Mayor apologizes for not attending more funerals
NEW YORK (CNN) -- After attending another round of funerals and memorial services Saturday, Mayor Rudy Giuliani apologized to the families of those uniformed service workers who died in the line of duty whose services he has missed.
"I think every one of these men should have the mayor, the fire commissioner, the police commissioner present for their burial service," he said.
But the sheer numbers make that an impossible goal to meet, he said. "We can't be at all of them because there are 20, 25 of them a day.

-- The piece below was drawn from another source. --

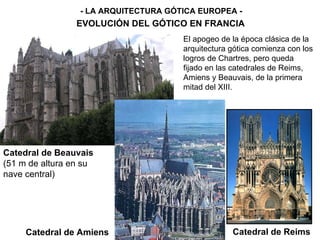 Catedral de Reims - LA ARQUITECTURA GÓTICA EUROPEA - EVOLUCIÓN DEL GÓTICO EN FRANCIA El apogeo de la época clásica de la arquitectura gótica comienza con los logros de Chartres, pero queda fijado en las catedrales de Reims, Amiens y Beauvais, de la primera mitad del XIII. Catedral de Amiens Catedral de Beauvais (51 m de altura en su nave central) 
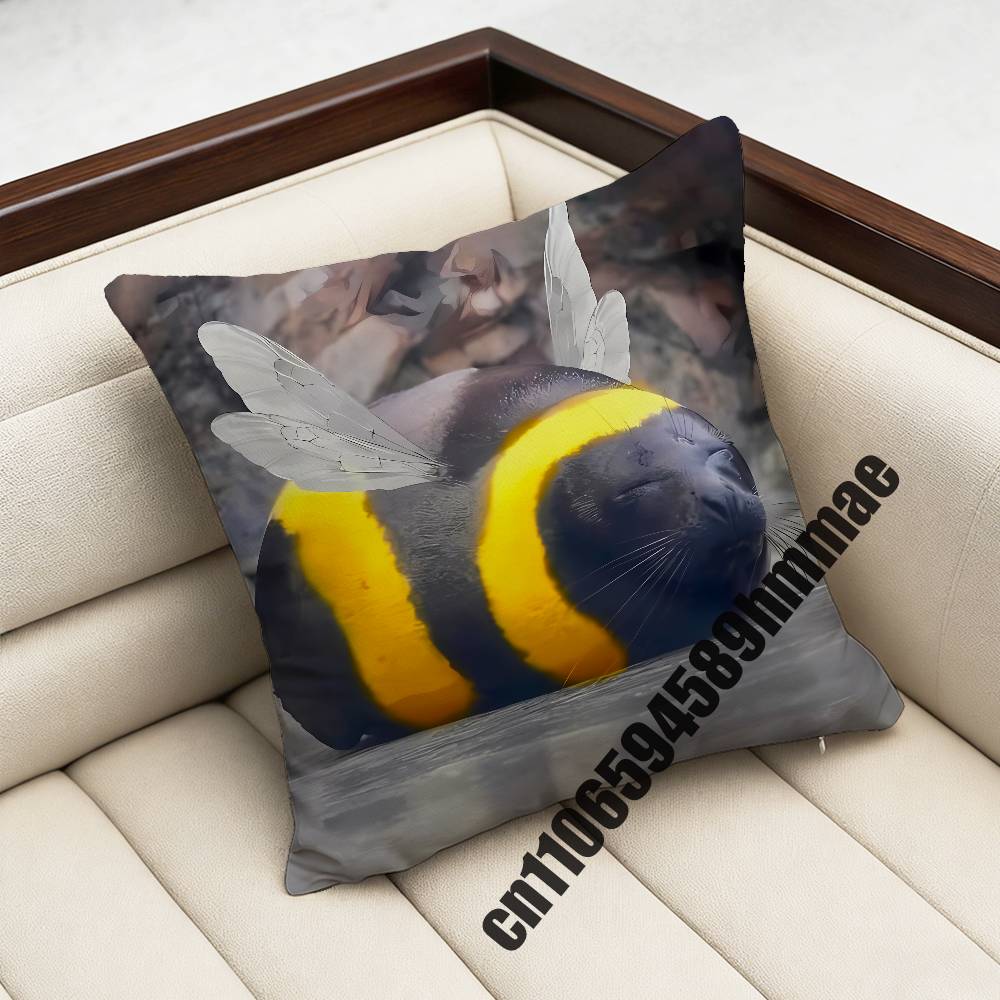 

For Funny Cute Seal Bee Cat Dog Throw Pillow Case Sham 45x45cm 35x35cm Square Bedroom Pillowcase Cushion Cover 30x30cm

"We try to communicate that, through letters and other things, that we hope we'll be able to get together with all of them in the very near future."
The mayor, who has attended dozens of services since the September 11 attacks that toppled the World Trade Center's twin towers, said he leaves them with more energy than he had when he showed up.
"Particularly in a small village setting, when you see thousands and thousands of people turn out, it's very inspiring ... and gives you strength."
More bodies recovered
As of Saturday, the number of bodies recovered rose to 393, of which 335 have been identified, the mayor said. The estimate of missing persons remains at 4,979
Also, 1,382 people had applied for death certificates for family members missing in the trade center attacks, Giuliani said.
So far, 195,259 tons of debris and another 44,515 tons of steel have been removed in 12,824 truckloads.
Monday is Columbus Day, a holiday for many, but the stock exchanges and banks will be open. The city will have in effect its travel restrictions requiring vehicles entering Manhattan below 63rd Street Monday between 6 a.m. and 11 a.m. to have more than one person.
Based on how traffic flows, city officials will consider opening streets in the area near Ground Zero during the work week, too, he said.
New York celebrates
Columbus Day celebrations are expected to go forward this weekend: parades are slated to take place Sunday in the Bronx and Staten Island.
Monday's parade along Fifth Avenue in Manhattan will be dedicated to the memory of the people who lost their lives at the World Trade Center, Giuliani said.
The mayor also noted that the city seems to be recovering. New York is "open for business," he said. "It appears as if it's pretty darned crowded today."